Terrance Parks

No. 31, 42
- Position: Safety

Personal information
- Born: April 14, 1990 (age 36) Fairburn, Georgia, U.S.
- Listed height: 6 ft 2 in (1.88 m)
- Listed weight: 215 lb (98 kg)

Career information
- High school: Creekside (Fairburn)
- College: Florida State
- NFL draft: 2012: undrafted

Career history
- Kansas City Chiefs (2012)*; Hamilton Tiger-Cats (2013); Seattle Seahawks (2014); Houston Texans (2014–2015)*; Atlanta Falcons (2015)*; Winnipeg Blue Bombers (2017)*; Atlanta Falcons (2018)*; Orlando Apollos (2019);
- * Offseason and/or practice squad member only
- Stats at Pro Football Reference

= Terrance Parks =

American football player (born 1990)

Terrance Parks (born April 14, 1990) is an American former professional football player who was a safety in the National Football League (NFL). He played college football for the Florida State Seminoles. He was not selected in the 2012 NFL draft, but signed with the Kansas City Chiefs as an undrafted free agent. Parks attended Creekside High School in Fairburn, Georgia, where he was teammates with Eric Berry and Rokevious Watkins.

==Professional career==

===Kansas City Chiefs===
After going undrafted in the 2012 NFL draft, Parks spent the 2012 NFL season as a member of the Kansas City Chiefs.

===Hamilton Tiger-Cats===
Parks was signed in the off-season by the Hamilton Tiger-Cats of the Canadian Football League. He was released by the team on June 17, 2013, and then resigned 5 days later on June 22, 2013. He was added to the Ti-Cats injury list on June 23, 2013 until July 6, 2013, when he returned to the team. He was placed back on the injury list from July 12 to 20, 2013. He was then released by the Ti-Cats after Week 4 of the regular season.

===Seattle Seahawks===
After being cut by the Seattle Seahawks prior to the start of the 2014-2015 NFL Season, Parks signed to the teams' practice squad on September 7, 2014. He was promoted to the active roster on November 1, 2014.

===Houston Texans===
After being released by the Seattle Seahawks, Parks was signed to the Houston Texans practice squad on November 26, 2014. He was released in September 2015 after an injury settlement.

===Atlanta Falcons===
Parks was signed to the Atlanta Falcons practice squad on December 8, 2015.

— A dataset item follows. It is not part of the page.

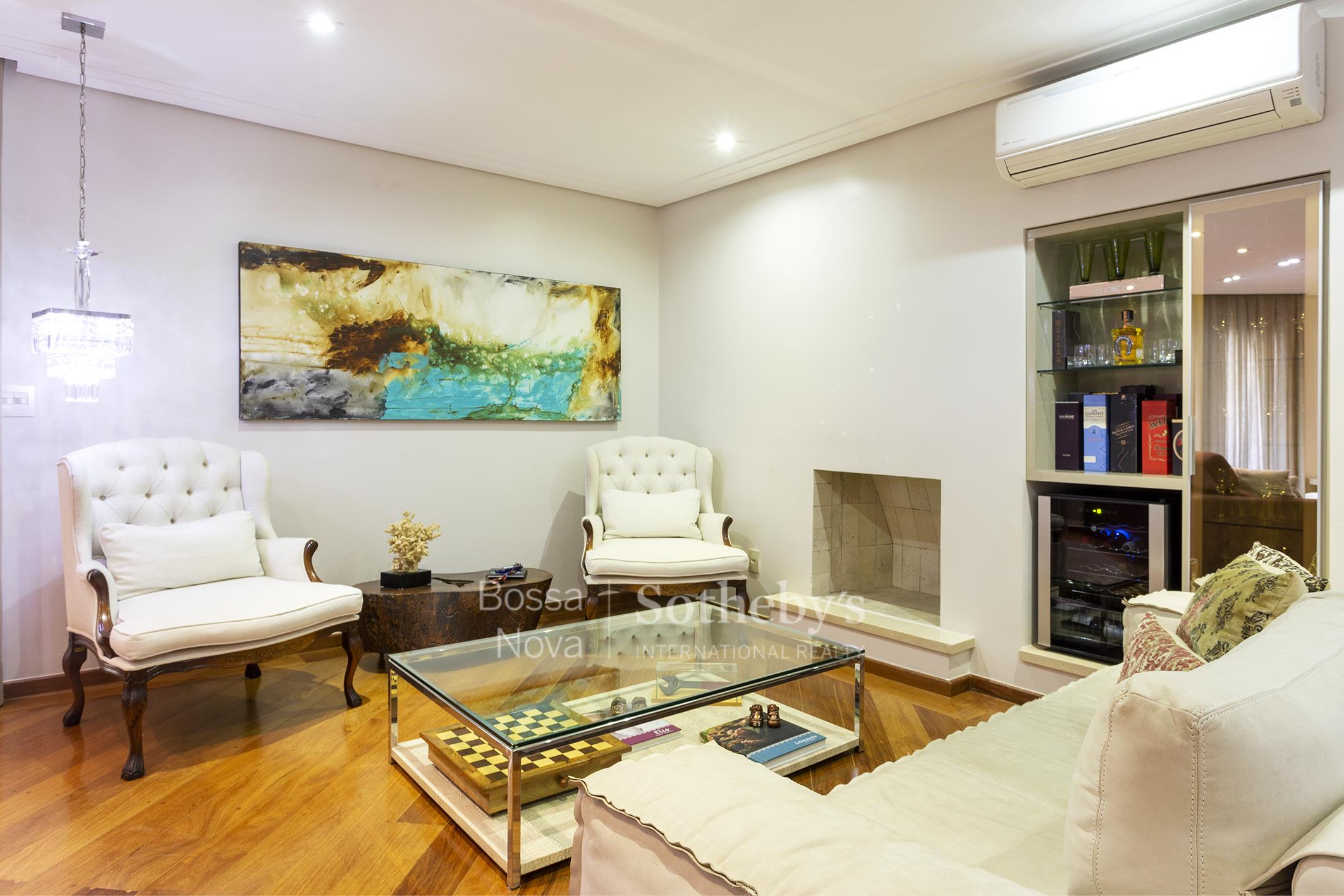 Apartamento reformado com varanda gourmet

===Winnipeg Blue Bombers===
On April 19, 2017, Parks signed with the Winnipeg Blue Bombers of the Canadian Football League. He was released by the Bombers on May 17, 2017.

===Atlanta Falcons (second stint)===
On July 25, 2018, Parks signed with the Atlanta Falcons. He was released on July 30, 2018.

===Orlando Apollos===
Parks signed with the Orlando Apollos of the Alliance of American Football on February 11, 2019, after Jacob Pugh was placed on injured reserve. The league ceased operations in April 2019.